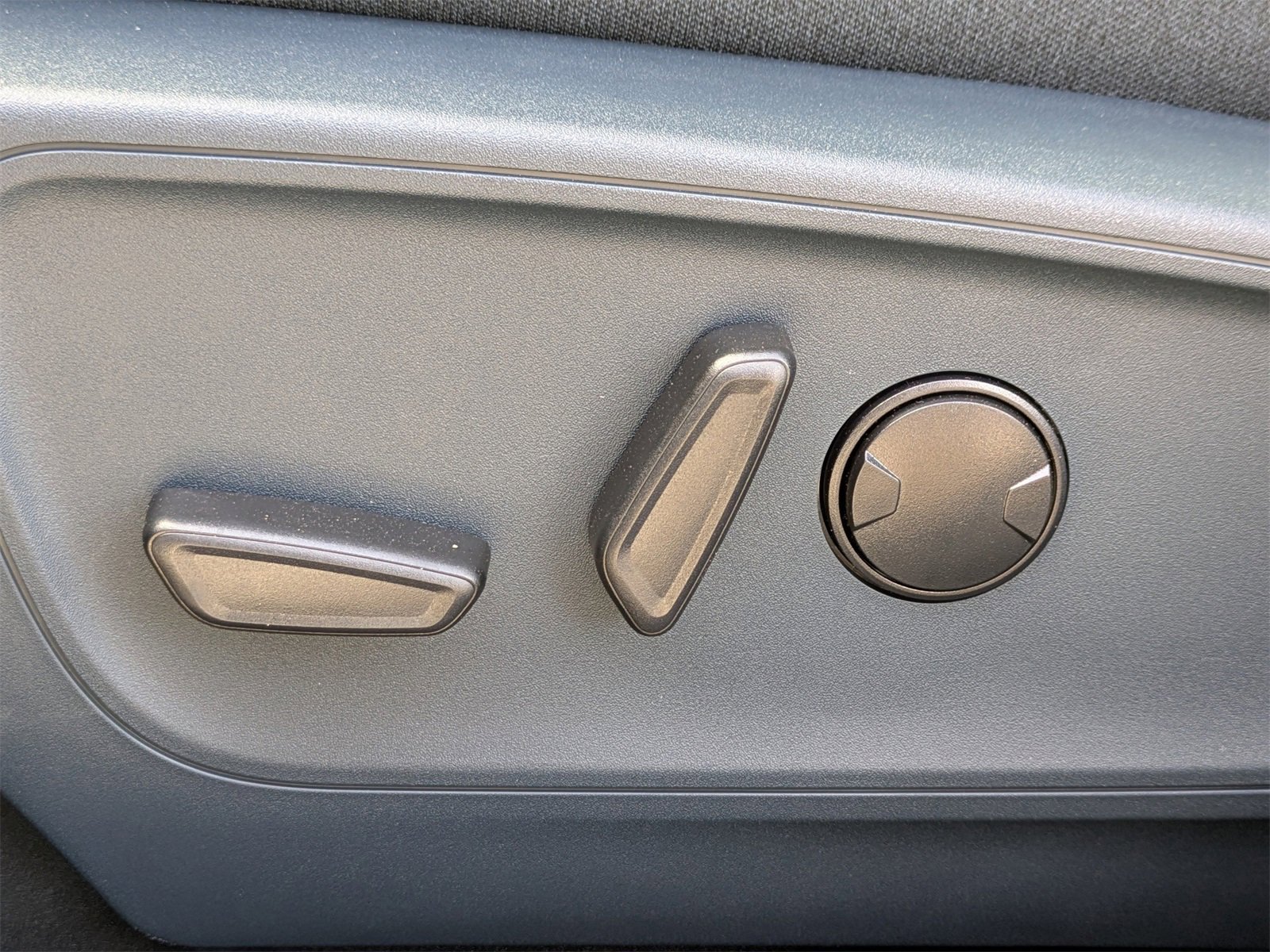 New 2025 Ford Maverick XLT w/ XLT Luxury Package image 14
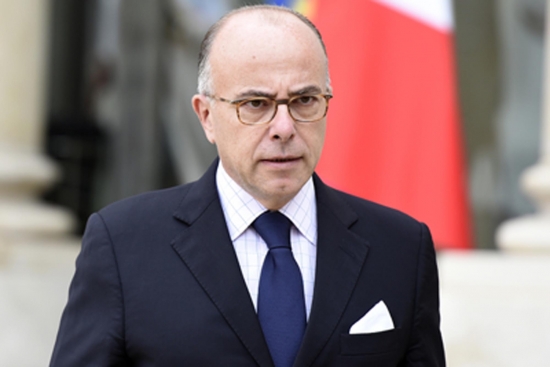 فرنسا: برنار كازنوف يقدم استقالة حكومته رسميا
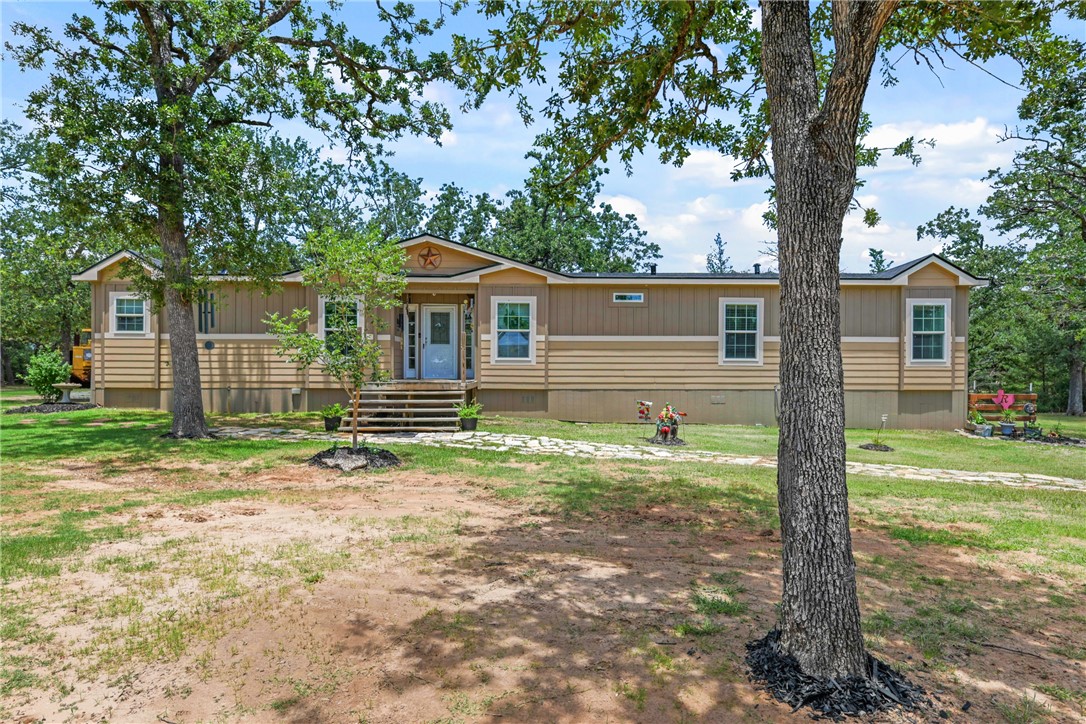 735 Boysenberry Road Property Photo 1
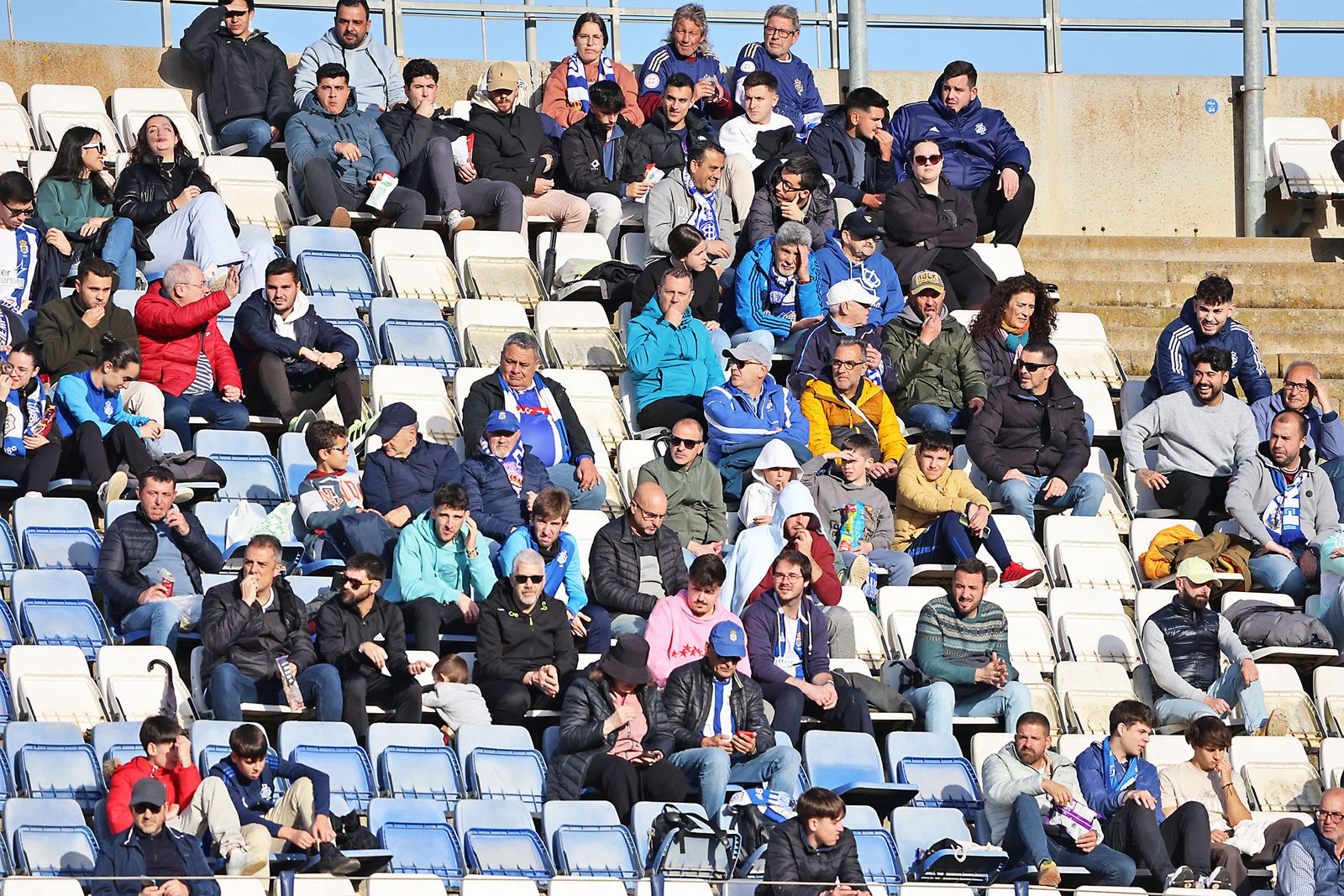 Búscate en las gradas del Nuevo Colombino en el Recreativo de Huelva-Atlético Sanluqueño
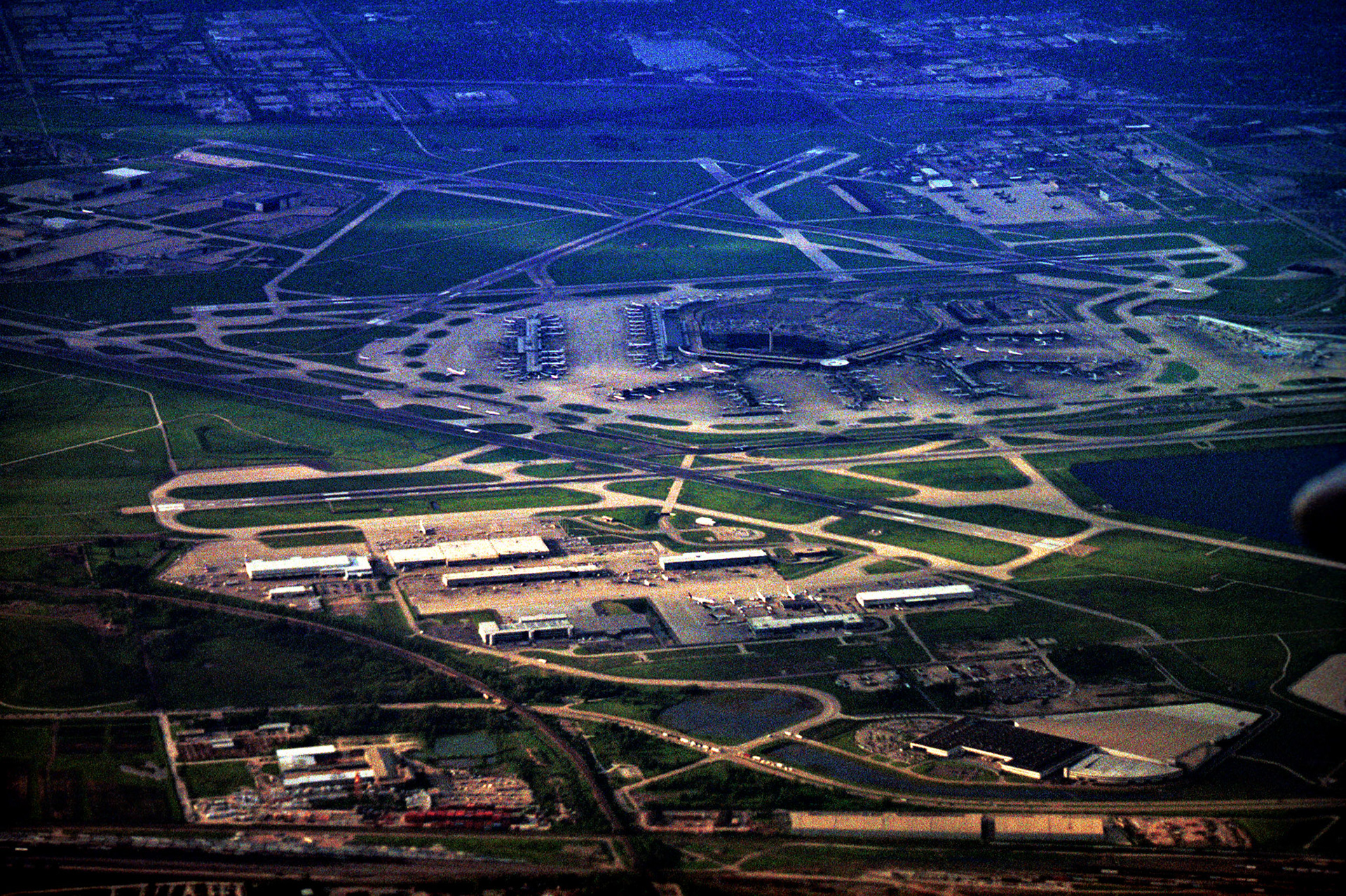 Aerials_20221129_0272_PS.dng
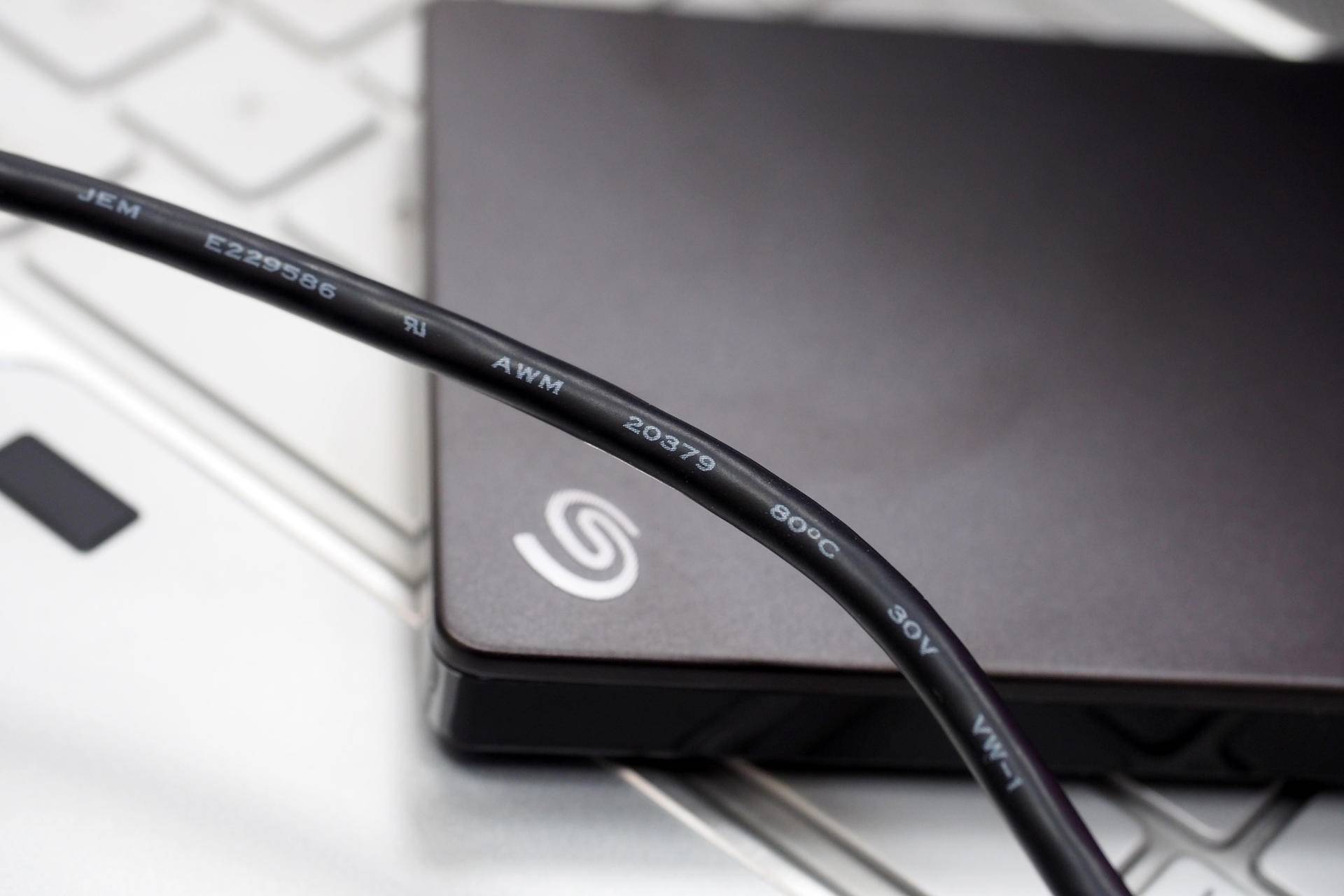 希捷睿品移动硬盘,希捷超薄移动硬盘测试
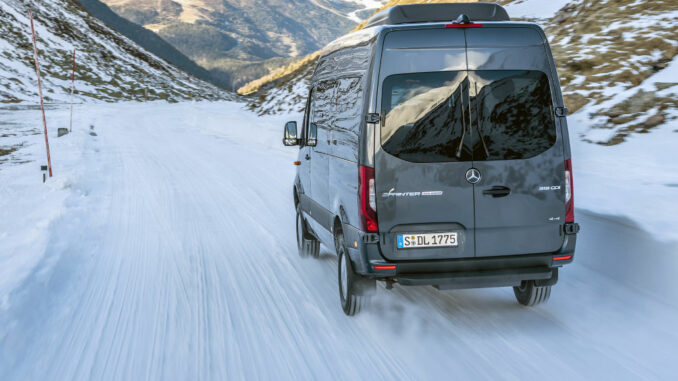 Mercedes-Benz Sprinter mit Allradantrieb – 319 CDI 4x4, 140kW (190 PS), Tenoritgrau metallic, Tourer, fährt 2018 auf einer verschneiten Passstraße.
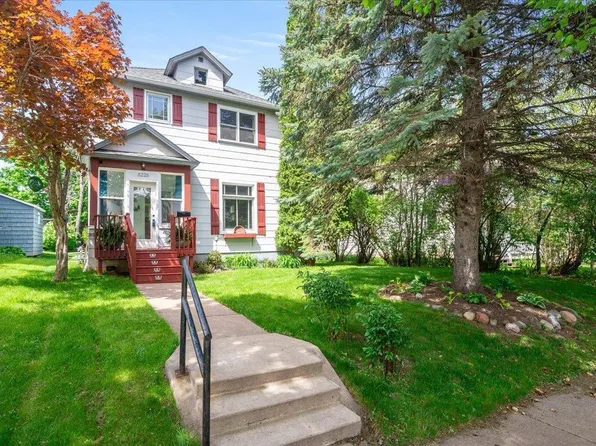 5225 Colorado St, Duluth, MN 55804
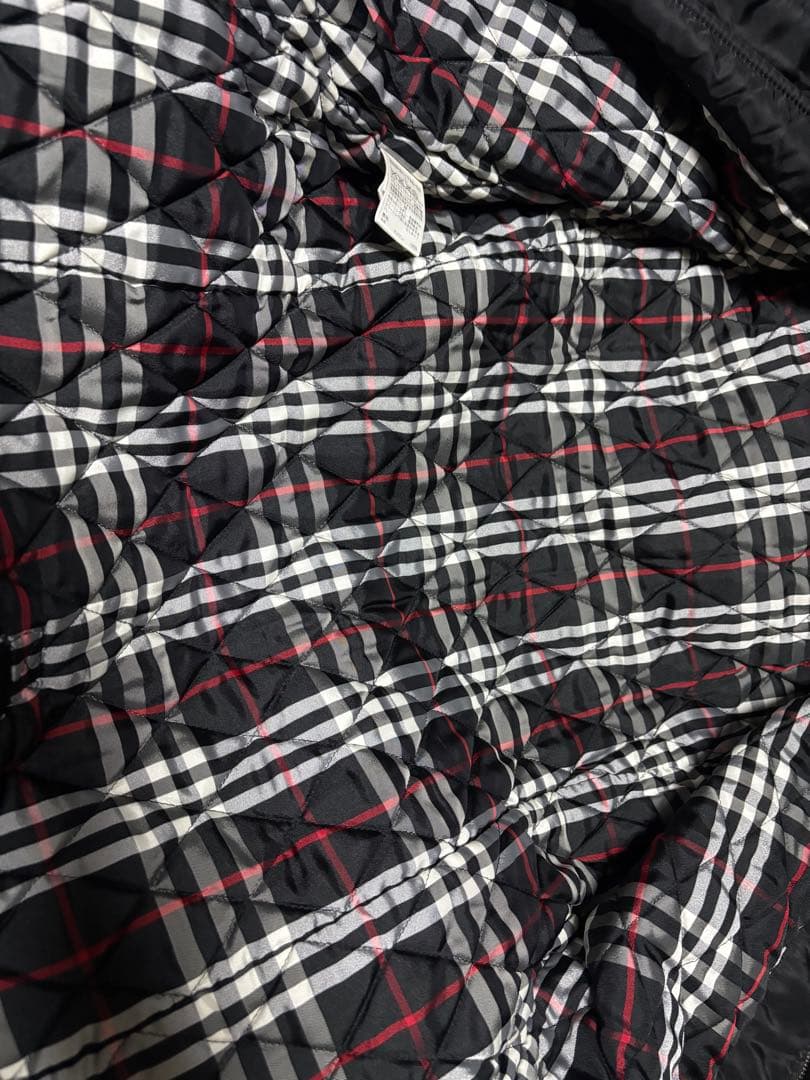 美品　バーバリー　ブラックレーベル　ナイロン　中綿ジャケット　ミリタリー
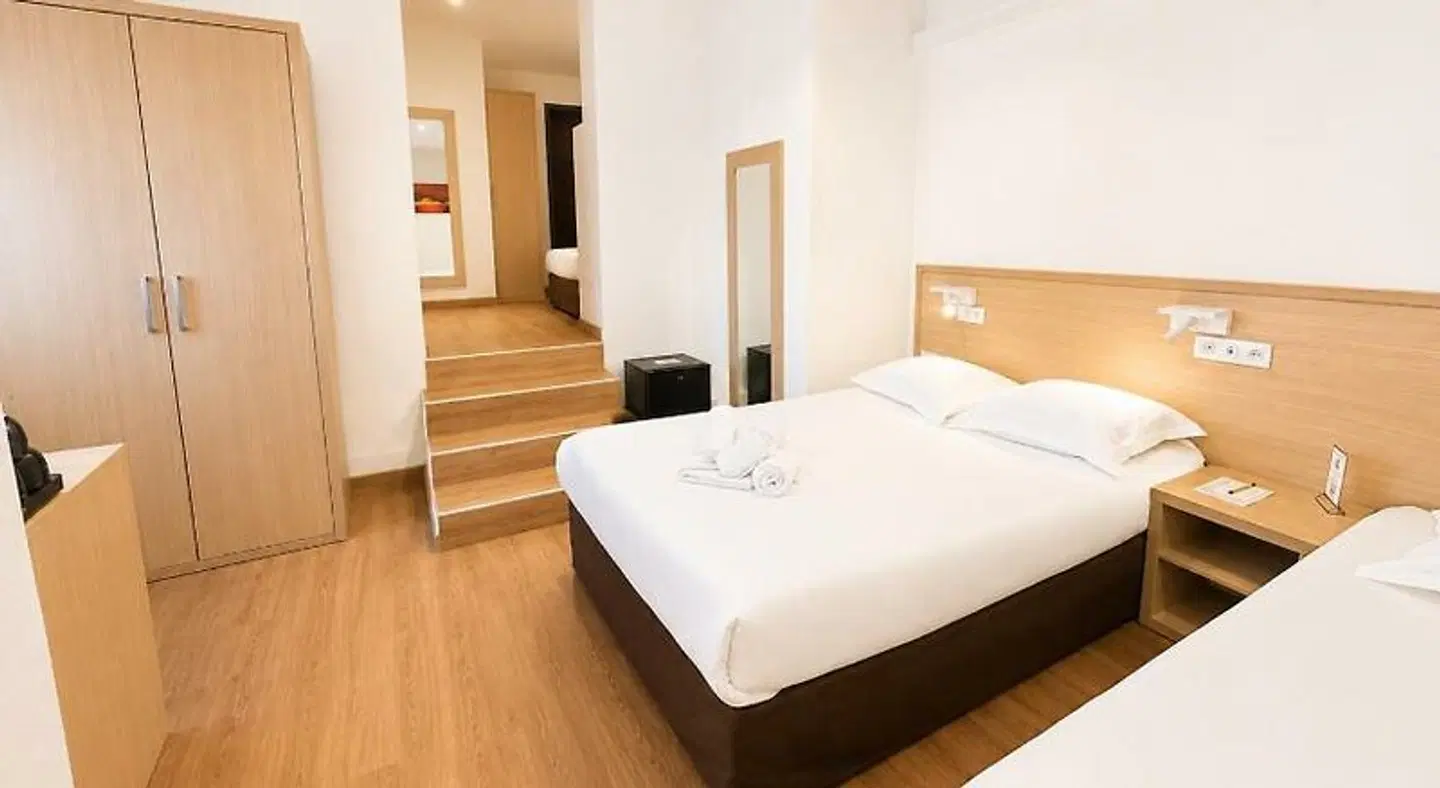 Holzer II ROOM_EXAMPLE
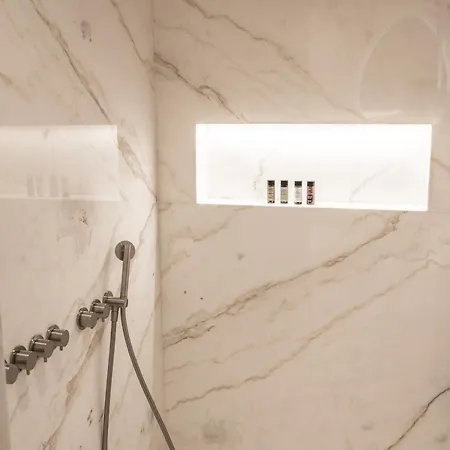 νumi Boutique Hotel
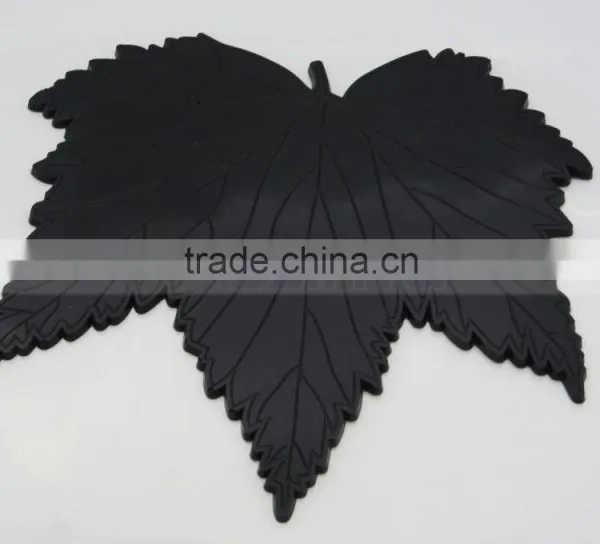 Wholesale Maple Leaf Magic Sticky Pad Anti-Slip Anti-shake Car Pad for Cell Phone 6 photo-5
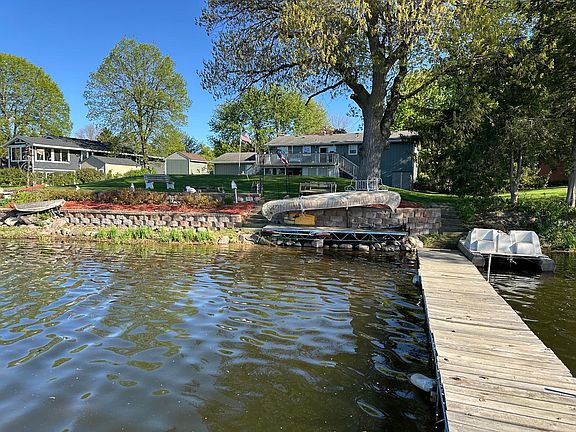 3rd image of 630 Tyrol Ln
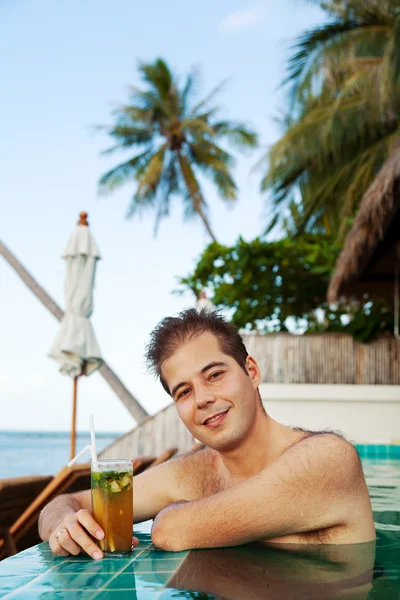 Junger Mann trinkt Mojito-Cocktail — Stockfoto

## To do
Give the records again exactly, pictures left out.

## Answer to this problem
 New 2025 Ford Maverick XLT w/ XLT Luxury Package image 14
 فرنسا: برنار كازنوف يقدم استقالة حكومته رسميا
 735 Boysenberry Road Property Photo 1
 Búscate en las gradas del Nuevo Colombino en el Recreativo de Huelva-Atlético Sanluqueño
 Aerials_20221129_0272_PS.dng
 希捷睿品移动硬盘,希捷超薄移动硬盘测试
 Mercedes-Benz Sprinter mit Allradantrieb – 319 CDI 4x4, 140kW (190 PS), Tenoritgrau metallic, Tourer, fährt 2018 auf einer verschneiten Passstraße.
 5225 Colorado St, Duluth, MN 55804
 美品　バーバリー　ブラックレーベル　ナイロン　中綿ジャケット　ミリタリー
 Holzer II ROOM_EXAMPLE
 νumi Boutique Hotel
 Wholesale Maple Leaf Magic Sticky Pad Anti-Slip Anti-shake Car Pad for Cell Phone 6 photo-5
 3rd image of 630 Tyrol Ln
 Junger Mann trinkt Mojito-Cocktail — Stockfoto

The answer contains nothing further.